As I stood outside the hospital in the sunshine, cursing the weatherman for saying it was going to rain, crabby because I chose to leave my bike home, I saw the man. He was staggering down B Street propelled forward by the combination of slope and gravity. When he reached the bus stop sign he reached out, grabbed the pole and stopped his forward momentum. He swayed, lurched once, and somehow managed to land on his back on the lawn. I left my post at the bus stop across the street, knowing that as soon as I left my ride home would come. I crossed the street and hovered above the man and asked if he were okay.
“Are you an angel?” he asked me, he was laying face up, his arms outstretched, fly wide open.
I told him no and again asked if he was okay. “Are you trying to get to the hospital?

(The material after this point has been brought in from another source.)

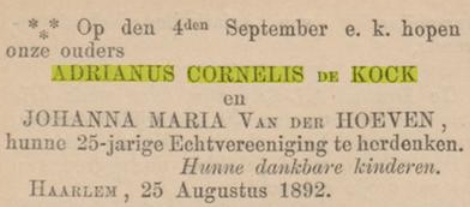 1892 - 25-jarig Huwelijk Adrianus Cornelis de Kock en Johanna Maria van der Hoeven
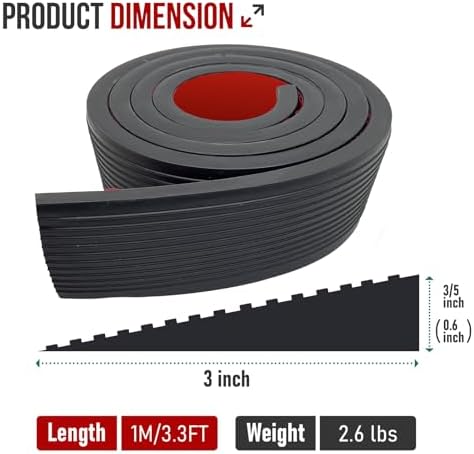 Threshold Ramps for Doorways, Self-Adhesive Rubber Ramps for Door Threshold Rubber Door Threshold Ramp for Wheelchair Scooter Stroller Sweeping Robot, 3000Lbs Capacity(0.6" Rise-3.3'L)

Do you want me to get you a wheelchair?”
“I want to go see my friends. I can’t see your eyes.” He replied. It was then that I realized I might have had a bit of an otherworldly glow with the sun behind me shining through my blonde hair. He told me his friends were at the Veterans’ Memorial and he just wanted to be with his buddies.
I was at a loss for words. I wasn’t an angel and I couldn’t take him to see his friends. I helped him find his feet and told him that bus 11 would take him to the Veterans’ Memorial to see his friends. He was likely drunk and I probably should have called the police to pick him up for public intoxication but I just didn’t have the heart. The man thought I was an angel after all.